Automatic type conversions for Python API (#2274)

Summary: Pull Request resolved: https://github.com/facebookresearch/faiss/pull/2274 All input matrices needed to be of the correct type and to be C-contiguous. This diff passes the main entry points of the api through `np.ascontiguousarray` so that the function parameters are transparently converted to the suitable format if needed. We did not have this before because users need to be made aware of the performance impact, but it seems that maybe usability is more useful. This diff is an alternative to D35007365 https://github.com/facebookresearch/faiss/pull/2250 Reviewed By: beauby Differential Revision: D35009612 fbshipit-source-id: fa0d5cfdfbff6b0916d47bd33c620e3ca9d5dd40
2022-03-30 05:42:08 -07:00 · 2022-03-30 05:42:08 -07:00 · 1806c6af27
parent b32abc95c2
commit 1806c6af27
2 changed files with 72 additions and 8 deletions
--- a/faiss/python/init.py
+++ b/faiss/python/init.py
@ -28,6 +28,16 @@ __version__ = "%d.%d.%d" % (FAISS_VERSION_MAJOR,
 # The C++ version of the classnames will be suffixed with _c
 ##################################################################

+# For most arrays we force the convesion to the target type with
+# np.ascontiguousarray, but for uint8 codes, we raise a type error
+# because it is unclear how the conversion should occur: with a view
+# (= cast) or conversion?
+def _check_dtype_uint8(codes):
+    if codes.dtype != 'uint8':
+        raise TypeError("Input argument %s must be ndarray of dtype "
+                " uint8, but found %s" % ("x", x.dtype))
+    return np.ascontiguousarray(codes)
+

 def replace_method(the_class, name, replacement, ignore_missing=False):
    """ Replaces a method in a class with another version. The old method
@ -60,8 +70,10 @@ def handle_Clustering():
            average to obtain the centroid (default is 1 for all training vectors).
        """
        n, d = x.shape
+        x = np.ascontiguousarray(x, dtype='float32')
        assert d == self.d
        if weights is not None:
+            weights = np.ascontiguousarray(weights, dtype='float32')
            assert weights.shape == (n, )
            self.train_c(n, swig_ptr(x), index, swig_ptr(weights))
        else:
@ -84,9 +96,11 @@ def handle_Clustering():
            average to obtain the centroid (default is 1 for all training vectors).
        """
        n, d = x.shape
+        x = _check_dtype_uint8(x)
        assert d == codec.sa_code_size()
        assert codec.d == index.d
        if weights is not None:
+            weights = np.ascontiguousarray(weights, dtype='float32')
            assert weights.shape == (n, )
            self.train_encoded_c(n, swig_ptr(x), codec, index, swig_ptr(weights))
        else:
@ -110,6 +124,7 @@ def handle_Clustering1D():
            Training vectors, shape (n, 1). `dtype` must be float32.
        """
        n, d = x.shape
+        x = np.ascontiguousarray(x, dtype='float32')
        assert d == self.d
        self.train_exact_c(n, swig_ptr(x))

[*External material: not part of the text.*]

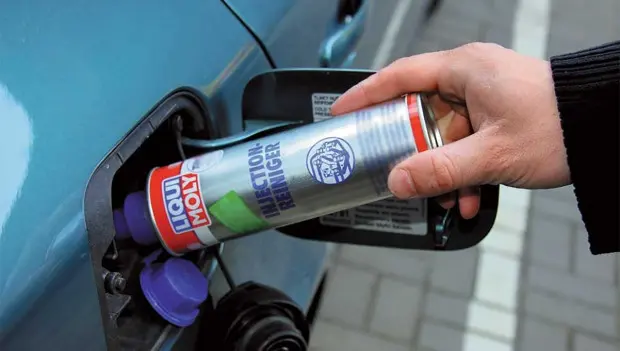 Many Americans Notice Their Car Shaking — It Could Be a Sign of a Clogged Fuel System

@ -130,6 +145,7 @@ def handle_Quantizer(the_class):
            Training vectors, shape (n, self.d). `dtype` must be float32.
        """
        n, d = x.shape
+        x = np.ascontiguousarray(x, dtype='float32')
        assert d == self.d
        self.train_c(n, swig_ptr(x))

@ -148,6 +164,7 @@ def handle_Quantizer(the_class):
            and `dtype` uint8.
        """
        n, d = x.shape
+        x = np.ascontiguousarray(x, dtype='float32')
        assert d == self.d
        codes = np.empty((n, self.code_size), dtype='uint8')
        self.compute_codes_c(swig_ptr(x), swig_ptr(codes), n)
@ -166,6 +183,7 @@ def handle_Quantizer(the_class):
            Reconstructed vectors for each code, shape `(n, d)` and `dtype` float32.
        """
        n, cs = codes.shape
+        codes = _check_dtype_uint8(codes)
        assert cs == self.code_size
        x = np.empty((n, self.d), dtype='float32')
        self.decode_c(swig_ptr(codes), swig_ptr(x), n)
@ -190,6 +208,8 @@ def handle_NSG(the_class):
        assert graph.ndim == 2
        assert graph.shape[0] == n
        K = graph.shape[1]
+        x = np.ascontiguousarray(x, dtype='float32')
+        graph = np.ascontiguousarray(graph, dtype='int64')
        self.build_c(n, swig_ptr(x), swig_ptr(graph), K)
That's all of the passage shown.